ZackDadfar

Karma: 3

Independent researcher.

ZackDadfar 14 Feb 2026 10:40 UTC
3 points
0
on: Grading AI 2027′s 2025 Predictions
It’s interesting that the quantitative predictions for capabilities (benchmarks & revenue) are getting graded rigorously, but the qualitative claims about alignment remain essentially unfalsifiable at the prediction stage. We can’t grade “the model was aligned” until something goes properly wrong.
The mechanistic interpretability work happening now (steering vectors, circuit analysis) might eventually give us quantitative alignment metrics that are as gradeable as SWE-bench scores.

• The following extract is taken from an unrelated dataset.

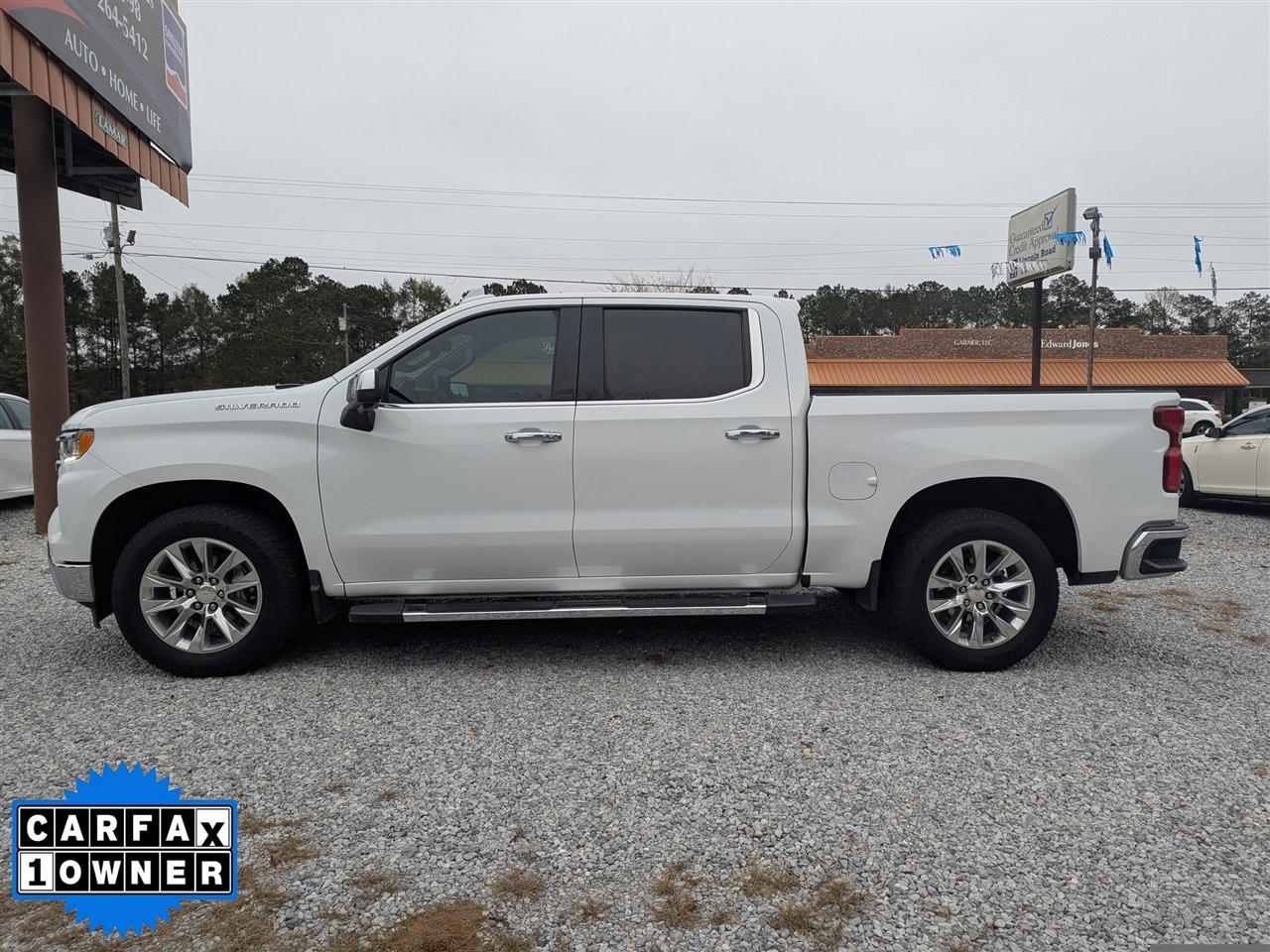 Chevrolet Silverado 1500 2WD Crew Cab 147" LTZ 2023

Until then, “aligned” is a claim, not a measurement.

ZackDadfar 14 Feb 2026 10:34 UTC
1 point
0
on: Is AI self-aware? Mechanistic Evidence from Activation Steering
Long form coming soon with a technical breakdown of what we did.

ZackDadfar 14 Feb 2026 6:06 UTC
1 point
0
on: Introspection or confusion?
Interesting experiment. I actually just put something out on arxiv that approaches this from a different angle—instead of yes/no steering effects, i looked at whether the vocabulary that models use during extended self-examination tracks their actual activation dynamics.
tldr: it does. when llama 70b says “loop” during introspection, autocorrelation in activations is high (r=0.44, p=0.002). when it says “surge”, max activation norm is high (r=0.44, p=0.002). tested across two architectures (llama, qwen) with different vocab emerging in each but same principle—words track activations.
The key thing is the correspondence vanishes in descriptive contexts. model uses the same words (“loop”, “expand”) when describing other things, zero correlation with metrics. so it’s not embedding artifacts or frequency effects, it’s specific to self-referential processing.
paper: https://arxiv.org/abs/2602.11358
Relevant to the confusion vs introspection question—if the model’s self-report vocabulary systematically tracks activation dynamics, that’s harder to explain as pure noise.